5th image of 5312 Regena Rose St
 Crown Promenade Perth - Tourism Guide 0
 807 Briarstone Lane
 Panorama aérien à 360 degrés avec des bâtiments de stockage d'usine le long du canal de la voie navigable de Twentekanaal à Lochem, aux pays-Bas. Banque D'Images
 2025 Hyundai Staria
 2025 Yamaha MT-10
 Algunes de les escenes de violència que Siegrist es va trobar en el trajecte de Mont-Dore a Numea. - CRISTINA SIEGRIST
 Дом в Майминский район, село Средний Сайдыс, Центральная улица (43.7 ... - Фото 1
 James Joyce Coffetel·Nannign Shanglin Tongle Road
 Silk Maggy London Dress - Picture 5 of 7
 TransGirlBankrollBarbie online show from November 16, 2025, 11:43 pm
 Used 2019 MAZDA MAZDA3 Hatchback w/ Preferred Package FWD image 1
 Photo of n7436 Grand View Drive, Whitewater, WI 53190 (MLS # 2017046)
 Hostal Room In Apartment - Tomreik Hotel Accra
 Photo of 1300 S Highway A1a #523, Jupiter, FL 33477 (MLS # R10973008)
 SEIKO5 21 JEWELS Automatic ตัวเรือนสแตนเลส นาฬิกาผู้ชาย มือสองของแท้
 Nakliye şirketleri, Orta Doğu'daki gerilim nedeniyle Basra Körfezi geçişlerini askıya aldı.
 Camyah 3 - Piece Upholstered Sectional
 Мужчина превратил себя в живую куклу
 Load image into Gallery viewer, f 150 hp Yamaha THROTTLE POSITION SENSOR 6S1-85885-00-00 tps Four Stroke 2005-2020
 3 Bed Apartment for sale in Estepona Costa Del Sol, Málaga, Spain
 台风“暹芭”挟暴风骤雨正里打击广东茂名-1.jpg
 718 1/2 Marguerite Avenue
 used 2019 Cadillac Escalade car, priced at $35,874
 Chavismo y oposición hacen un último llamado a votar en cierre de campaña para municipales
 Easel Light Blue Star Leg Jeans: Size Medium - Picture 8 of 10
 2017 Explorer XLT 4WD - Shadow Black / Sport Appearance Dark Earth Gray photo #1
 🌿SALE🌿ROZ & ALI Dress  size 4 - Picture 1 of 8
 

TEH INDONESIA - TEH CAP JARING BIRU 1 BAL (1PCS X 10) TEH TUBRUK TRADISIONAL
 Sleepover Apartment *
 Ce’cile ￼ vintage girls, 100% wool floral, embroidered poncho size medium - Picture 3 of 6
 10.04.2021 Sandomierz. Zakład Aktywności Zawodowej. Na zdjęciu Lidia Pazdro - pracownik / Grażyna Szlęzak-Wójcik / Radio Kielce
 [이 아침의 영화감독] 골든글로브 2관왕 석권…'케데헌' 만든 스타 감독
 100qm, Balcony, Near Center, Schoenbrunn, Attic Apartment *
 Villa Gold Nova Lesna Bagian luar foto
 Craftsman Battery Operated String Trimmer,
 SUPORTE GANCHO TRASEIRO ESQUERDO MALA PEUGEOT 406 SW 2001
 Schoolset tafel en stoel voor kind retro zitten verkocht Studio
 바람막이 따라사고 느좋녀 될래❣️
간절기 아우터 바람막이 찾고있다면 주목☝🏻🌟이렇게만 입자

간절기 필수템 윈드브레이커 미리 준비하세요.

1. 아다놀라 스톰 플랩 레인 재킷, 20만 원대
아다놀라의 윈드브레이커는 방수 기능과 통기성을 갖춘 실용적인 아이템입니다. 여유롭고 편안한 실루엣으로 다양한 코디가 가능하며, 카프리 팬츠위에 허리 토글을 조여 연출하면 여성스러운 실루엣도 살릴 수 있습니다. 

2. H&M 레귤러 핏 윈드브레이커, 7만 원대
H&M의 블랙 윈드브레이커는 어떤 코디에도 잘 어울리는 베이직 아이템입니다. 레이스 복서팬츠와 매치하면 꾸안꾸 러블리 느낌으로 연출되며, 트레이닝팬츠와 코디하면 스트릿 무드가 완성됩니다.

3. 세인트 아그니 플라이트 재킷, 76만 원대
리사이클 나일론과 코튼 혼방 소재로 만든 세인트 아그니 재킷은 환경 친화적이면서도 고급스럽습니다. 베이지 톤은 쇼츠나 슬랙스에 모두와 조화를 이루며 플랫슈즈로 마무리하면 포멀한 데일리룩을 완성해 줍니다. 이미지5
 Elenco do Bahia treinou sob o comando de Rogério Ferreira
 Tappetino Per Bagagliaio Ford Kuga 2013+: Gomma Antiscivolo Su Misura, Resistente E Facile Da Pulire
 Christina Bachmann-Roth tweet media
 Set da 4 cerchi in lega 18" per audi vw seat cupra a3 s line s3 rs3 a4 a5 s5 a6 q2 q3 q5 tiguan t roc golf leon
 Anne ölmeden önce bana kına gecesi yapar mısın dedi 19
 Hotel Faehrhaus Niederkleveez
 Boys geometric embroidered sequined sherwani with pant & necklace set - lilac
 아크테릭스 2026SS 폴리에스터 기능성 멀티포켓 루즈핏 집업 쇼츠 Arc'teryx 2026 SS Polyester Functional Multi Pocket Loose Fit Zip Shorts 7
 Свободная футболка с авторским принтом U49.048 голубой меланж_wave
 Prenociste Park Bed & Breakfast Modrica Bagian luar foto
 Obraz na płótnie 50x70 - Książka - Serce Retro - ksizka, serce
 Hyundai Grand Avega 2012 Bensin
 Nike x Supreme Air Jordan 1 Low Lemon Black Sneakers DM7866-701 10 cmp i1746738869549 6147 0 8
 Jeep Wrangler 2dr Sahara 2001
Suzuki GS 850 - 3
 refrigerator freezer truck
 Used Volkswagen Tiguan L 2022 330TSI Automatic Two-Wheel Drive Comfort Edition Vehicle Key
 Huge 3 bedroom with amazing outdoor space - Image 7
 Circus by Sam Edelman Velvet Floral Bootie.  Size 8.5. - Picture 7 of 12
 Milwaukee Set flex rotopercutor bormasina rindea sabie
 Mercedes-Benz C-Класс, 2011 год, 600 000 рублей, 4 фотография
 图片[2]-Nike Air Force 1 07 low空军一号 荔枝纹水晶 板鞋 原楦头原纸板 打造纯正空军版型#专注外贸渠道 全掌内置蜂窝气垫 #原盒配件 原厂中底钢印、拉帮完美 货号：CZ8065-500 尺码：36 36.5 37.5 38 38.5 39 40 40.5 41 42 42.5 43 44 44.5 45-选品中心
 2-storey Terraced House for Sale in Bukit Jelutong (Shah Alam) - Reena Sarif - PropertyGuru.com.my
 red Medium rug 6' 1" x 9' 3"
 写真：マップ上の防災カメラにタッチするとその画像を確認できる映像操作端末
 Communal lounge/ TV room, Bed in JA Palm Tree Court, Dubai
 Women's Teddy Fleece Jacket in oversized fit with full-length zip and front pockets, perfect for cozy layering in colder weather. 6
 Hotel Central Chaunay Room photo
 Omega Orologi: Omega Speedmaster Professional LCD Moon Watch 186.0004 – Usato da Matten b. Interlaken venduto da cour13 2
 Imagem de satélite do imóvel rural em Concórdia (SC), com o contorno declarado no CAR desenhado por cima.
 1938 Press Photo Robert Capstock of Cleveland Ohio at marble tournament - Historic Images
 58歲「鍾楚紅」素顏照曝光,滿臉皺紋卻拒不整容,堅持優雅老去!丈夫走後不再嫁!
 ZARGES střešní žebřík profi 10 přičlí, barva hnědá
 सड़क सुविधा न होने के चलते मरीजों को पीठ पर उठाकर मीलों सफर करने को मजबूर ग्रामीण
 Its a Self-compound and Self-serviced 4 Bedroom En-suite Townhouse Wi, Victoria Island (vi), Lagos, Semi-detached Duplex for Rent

━━━━━━

State the number of lines in the listing above that include "윈드브레이커는", and add nothing else.

2